▸ **PROBLEM DESCRIPTION**: From the line containing "foto del prodotto" to the last line of the listing, both included, copy every line exactly and drop the pictures.

▸ **DATA BLOCK**:
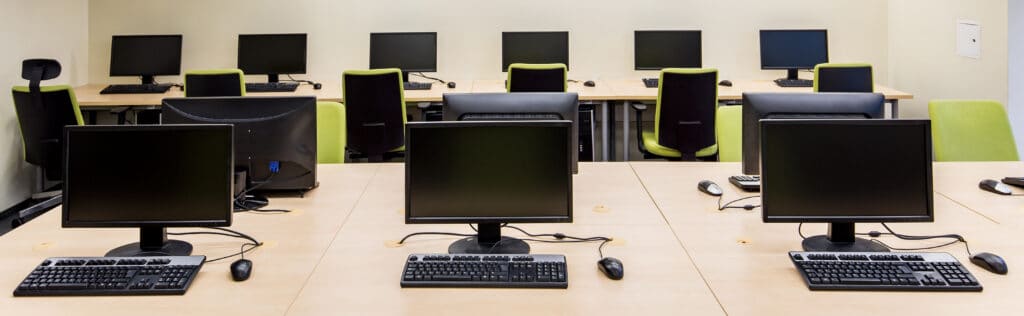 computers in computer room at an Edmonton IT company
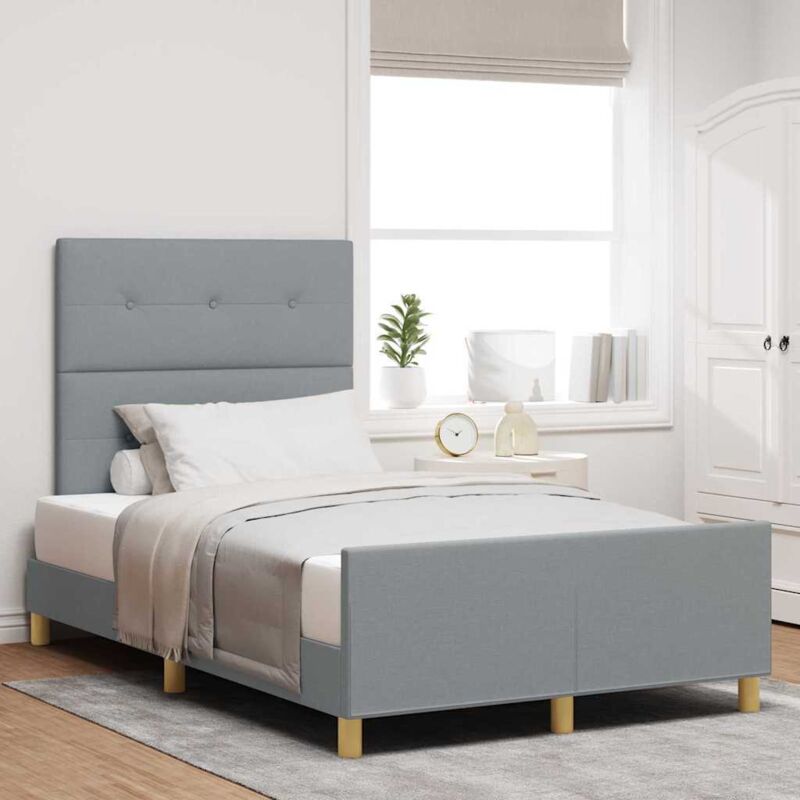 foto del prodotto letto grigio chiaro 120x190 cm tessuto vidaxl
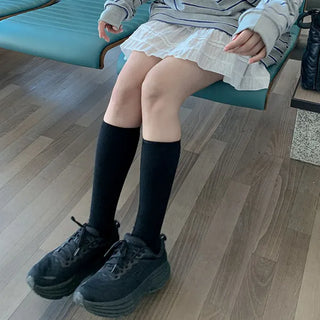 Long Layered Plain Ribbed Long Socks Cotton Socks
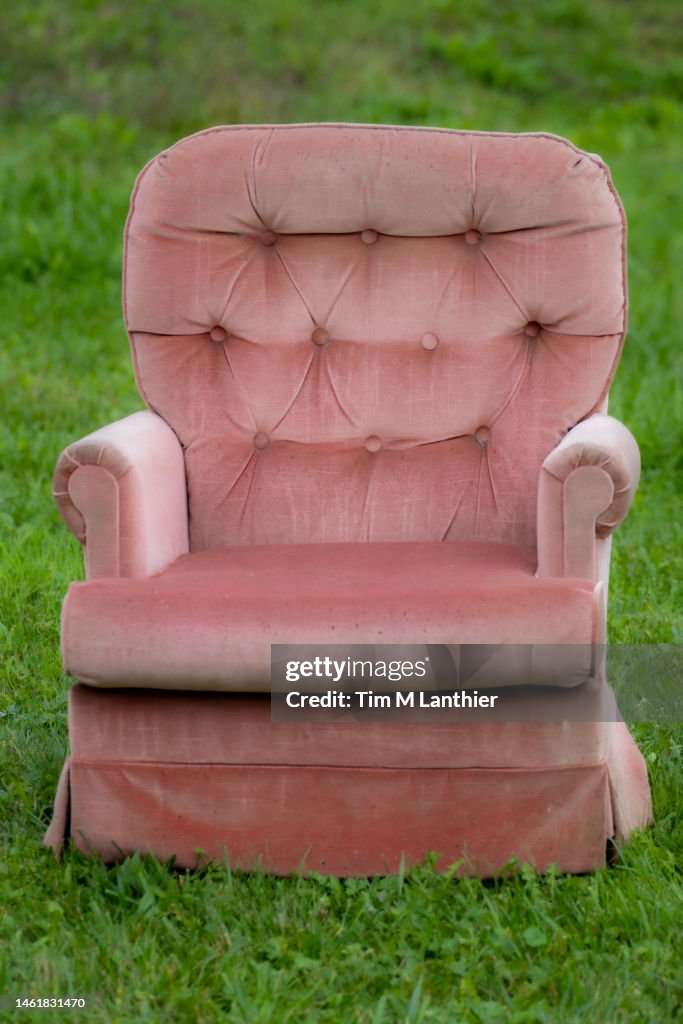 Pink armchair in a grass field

▸ **SOLUTION TO THE PROBLEM**:
 foto del prodotto letto grigio chiaro 120x190 cm tessuto vidaxl
 Long Layered Plain Ribbed Long Socks Cotton Socks
 Pink armchair in a grass field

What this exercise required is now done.